Of the four major indices, the Russell 2000 is the first to lose that trend line (Chart 1). That low was a major bottom for all these indices. Through the all-time high of 1452.09 last week, the Russell 2000, for instance, rallied 54 percent.
On the S&P 500 large cap index (2477.57), the Feb 2016 trend line does not get tested until 2440. On the Nasdaq 100 (5914.23), this lies at 5450 and on the Dow Jones Industrial (22016.24) at 21600.
The Russell 2000 had been trapped in a multi-year rising wedge. Throughout this year, it rallied along the upper bound of that wedge, but was not able to break out. In general, the pattern tends to be bearish.
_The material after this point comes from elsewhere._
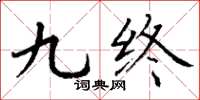 丁谦九终楷书怎么写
On Wednesday, the index closed near its 50-day moving average, and will get interesting if it pushes below 1390s.
For several months, the Russell 2000 played ping pong between 1390s and 1340s, before breaking out two months ago. The bears would have won a major victory if they can push it under that support (blue rectangle in Chart 1).
Small-caps’ performance this week – and in preceding weeks for that matter – corresponds with persistent bearish bias by non-commercials.
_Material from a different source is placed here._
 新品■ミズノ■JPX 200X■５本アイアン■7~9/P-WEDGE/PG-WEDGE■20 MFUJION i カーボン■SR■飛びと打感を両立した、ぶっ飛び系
As of Tuesday last week, these traders have doggedly remained net short Russell 2000 mini-index futures in 20 out of 21 weeks.
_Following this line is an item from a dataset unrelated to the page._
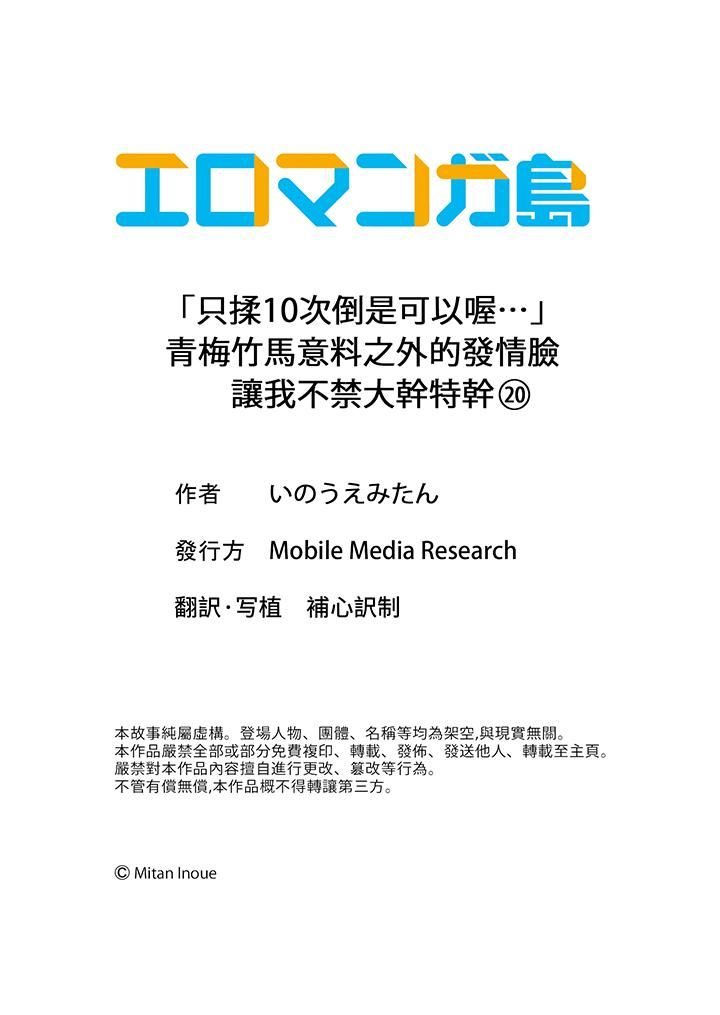 《“只揉10次倒是可以喔…”青梅竹马意料之外的发情脸让我不禁大干特干》漫画最新章节第20话免费下拉式在线观看章节第【14】张图片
They first switched from net long to net short in the week through March 7. The cash closed on 1374.88 in that session, so apparently has rallied nicely. Despite this, non-commercials have stayed put with their bear thesis (Chart 2).
This is also reflected in flows into – or a lack thereof – IWM (iShares Russell 2000 ETF).
Through August 1 this year, $3.9 billion came out of the ETF (courtesy of ETF.com).
This compares with outflows of $358 million QQQ (PowerShares Nasdaq 100 ETF) suffered during the same period. In contrast, SPY (SPDR S&P 500 ETF), IVV (iShares core S&P 500 ETF) and VOO (Vanguard S&P 500 ETF) combined attracted $24.6 billion (Chart 3).
The inability to attract funds has hurt the Russell 2000, which year-to-date is up 4.1 percent, versus 10.7 percent for the S&P 500, 11.4 percent for the Dow Industrial, and 21.6 percent for the Nasdaq 100.
Over time, this under-performance can erode longs’ patience – potentially. Risk rises if Wednesday’s loss of support sticks.